● Your instructions
Please print, exactly as written, the line containing "Intérieur d’une villa" and each line after it through the end of the material; pictures stay out.

● Supplied information
· · ·
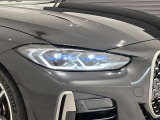 BMWレーザーライトとても明るく配光も良いので夜間の運転も安心です。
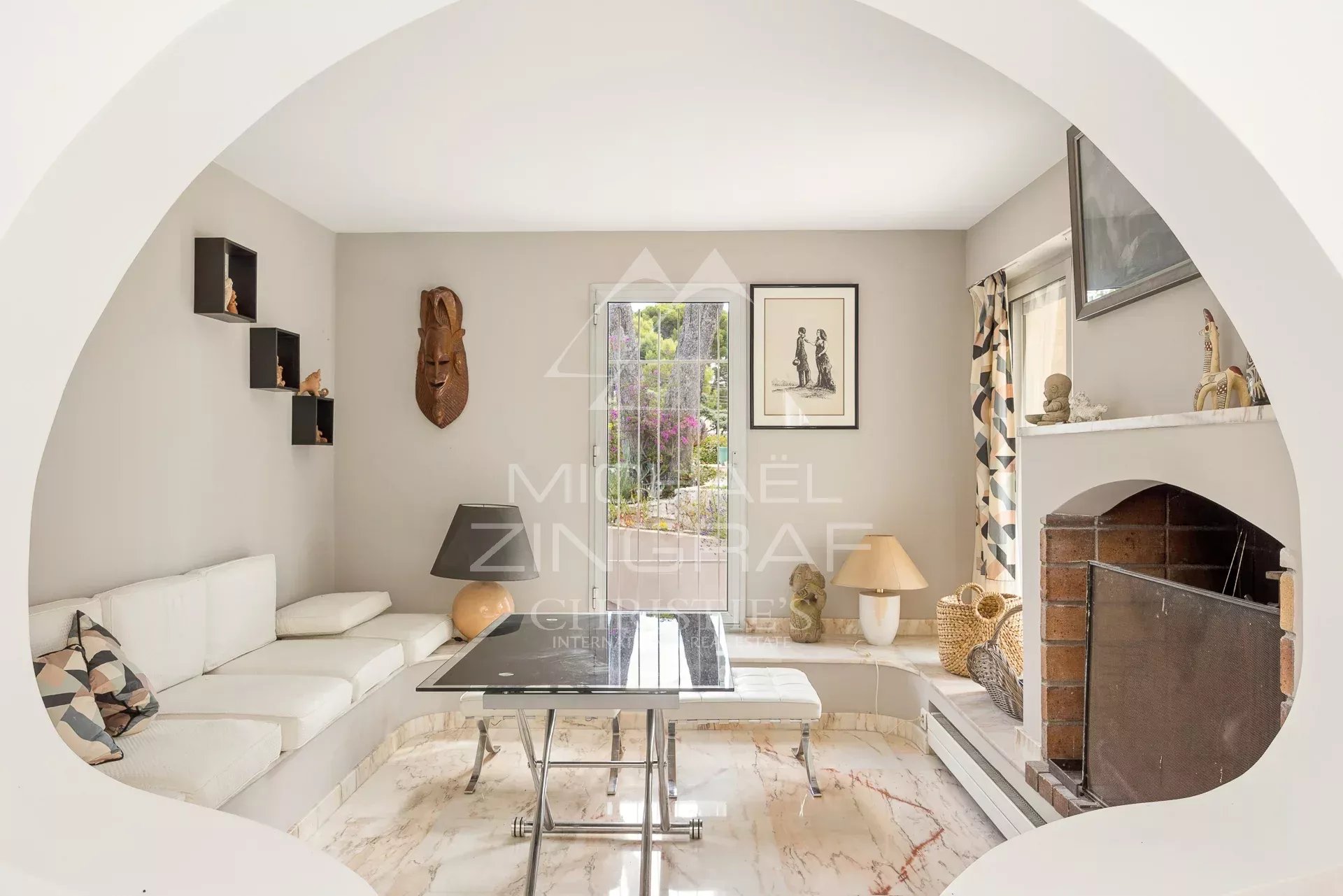 Intérieur d’une villa au Cap d’Antibes Intérieur d'une villa au Cap d'Antibes avec un espace de réception moderne et lumineux.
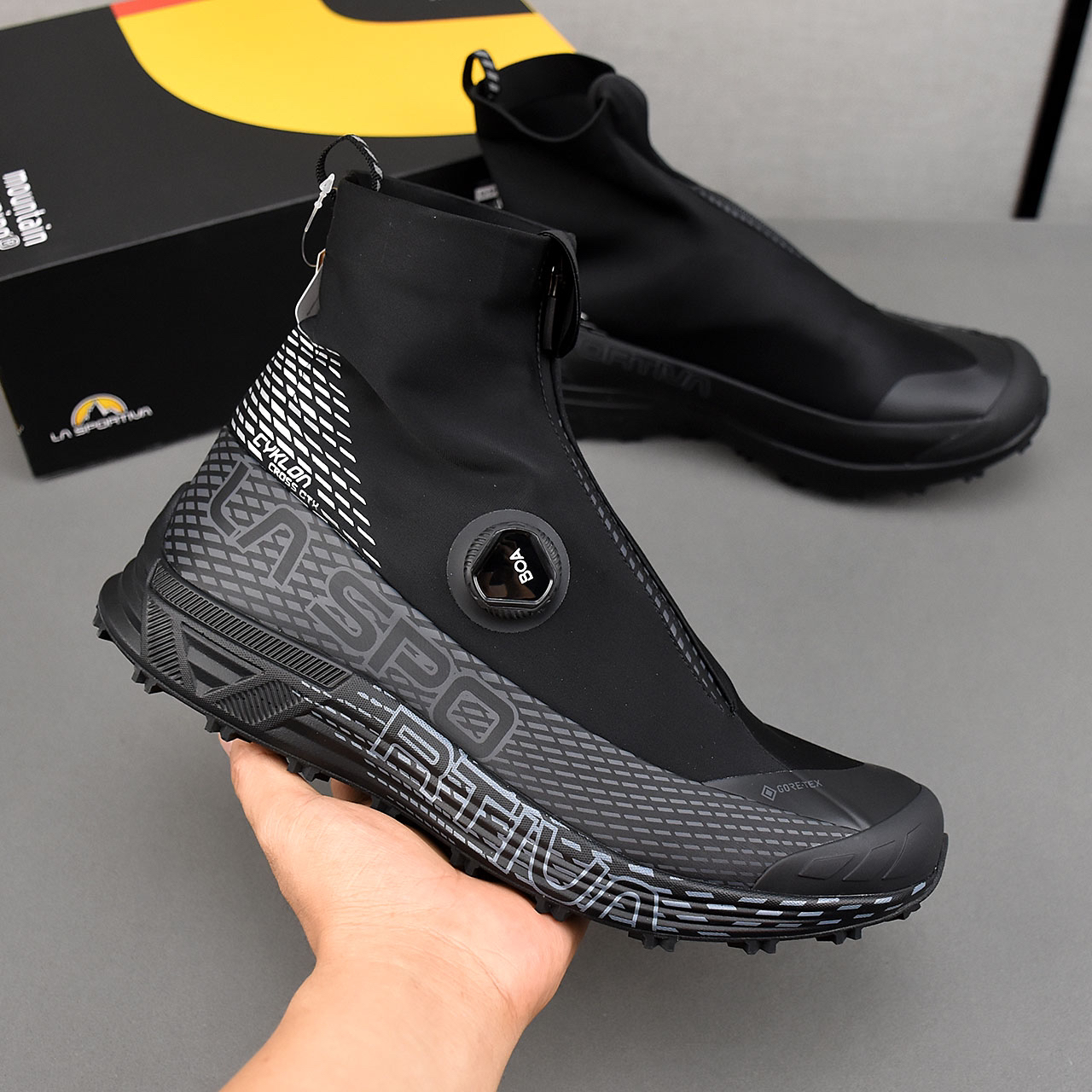 La Sportiva Equilibrium ST GTX Hiking Boots Black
· · ·
● Solution
 Intérieur d’une villa au Cap d’Antibes Intérieur d'une villa au Cap d'Antibes avec un espace de réception moderne et lumineux.
 La Sportiva Equilibrium ST GTX Hiking Boots Black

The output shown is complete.